In 1968 a wiry framed American high jumper established a world record at the Olympic Games in Mexico City with a leap of 7 feet, 4 1/4 inches. His unorthodox technique of flying over the bar backwards, head first, revolutionized the sport and his namesake, "Fosbury Flop," became a legacy.
The man behind the legacy, Dick Fosbury, recently presided over one of the most fascinating, eclectic, elite sport gatherings on the planet when members of the International Olympic Committee (including President Jacques Rogge) and Olympians (past and present) from over 150 countries met in Europe for the quadrennial meetings of the World Olympian Association.
The list of accomplished athletes gathered for the WOA in the quaint town on the shores of Switzerland's Lake Geneva was beyond impressive, but more importantly, the opportunity to promote the Tiffin University Olympic Academic Experience to an audience of Olympians and organizers of the 2012 London and 2016 Rio de Janeiro Games was worth its weight in gold.
It is still difficult to grasp that anyone from Tiffin, Ohio, would have the opportunity to be part of such a world-class stage along with Fosbury and icons such as Willie Banks, president of the USOC, and Michelle Ford, the famed Australian swimmer who in 1976 was the youngest Olympic competitor at age 13. The only "other" non-Olympian or IOC members permitted inside the closed auditorium were several lawyers.
In addition to being permitted to participate in the General Assembly, exclusive dinners and national parties with scores of medal winners, world-record holders, and sport legends made the trip to Europe a professional highlight.

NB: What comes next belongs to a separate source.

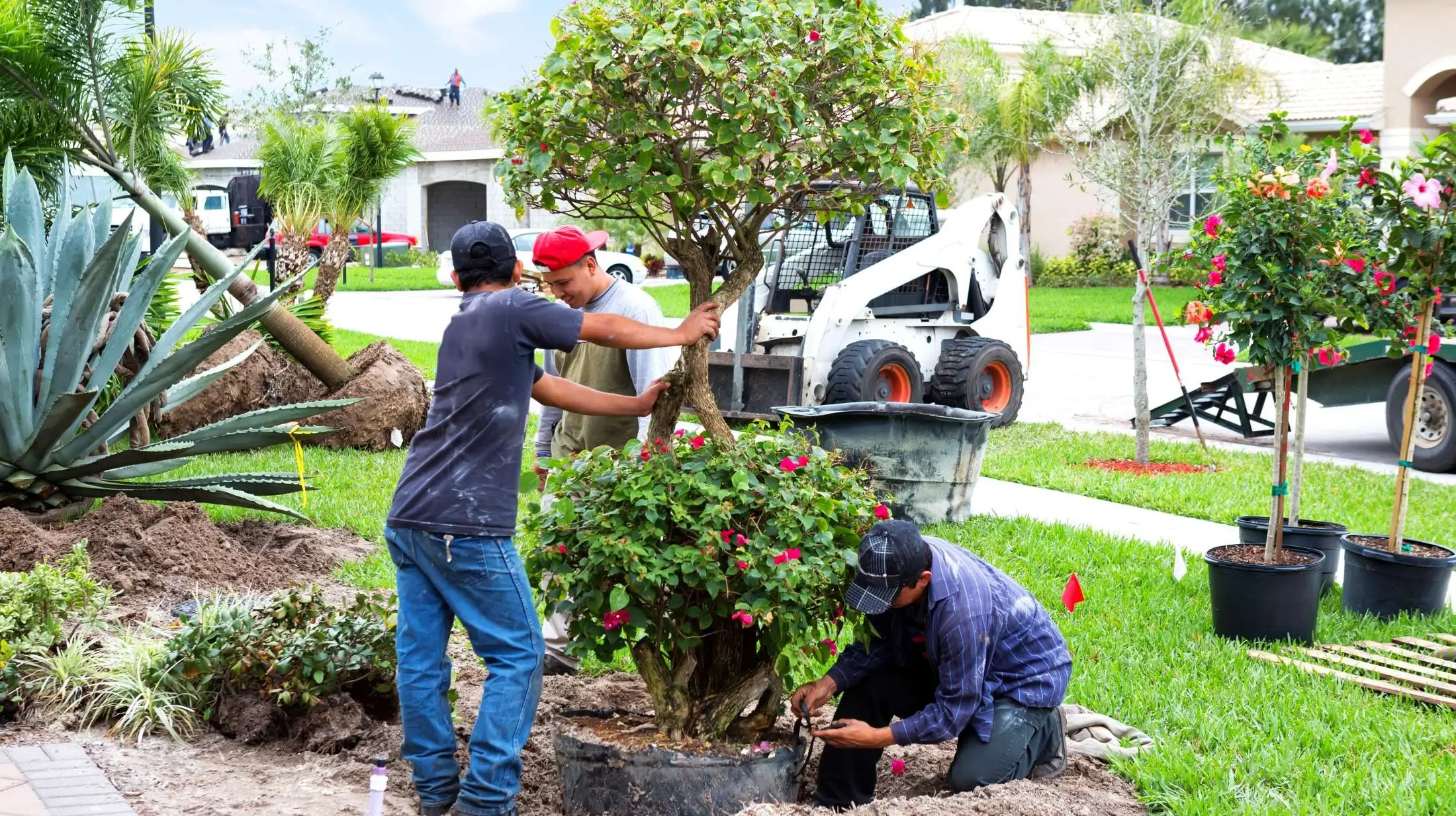 Planting a tree combats climate change, improves air quality, and supports wildlife. Help create a positive impact on the environment by planting a tree.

A welcomed sidebar was the opportunity to engage in casual conversations to enhance the TU Olympic Academic Experience and to create virtual internships for Tiffin University MBA students to service national Olympic committees. While at the 2012 Games next summer, the TU contingency will participate as official volunteers for two of the Olympic Reunion Centers and will engage in a special program with Olympians and underprivileged children from one of the poorest boroughs in London.
The WOA can be equated to the players unions in professional sports, but without a true collective bargaining agreement with its counterpart, the IOC, which happens to be its only revenue provider (imagine the bill to fly and accommodate all 150-plus delegates from every part of the world imaginable to Switzerland for the three-day affair).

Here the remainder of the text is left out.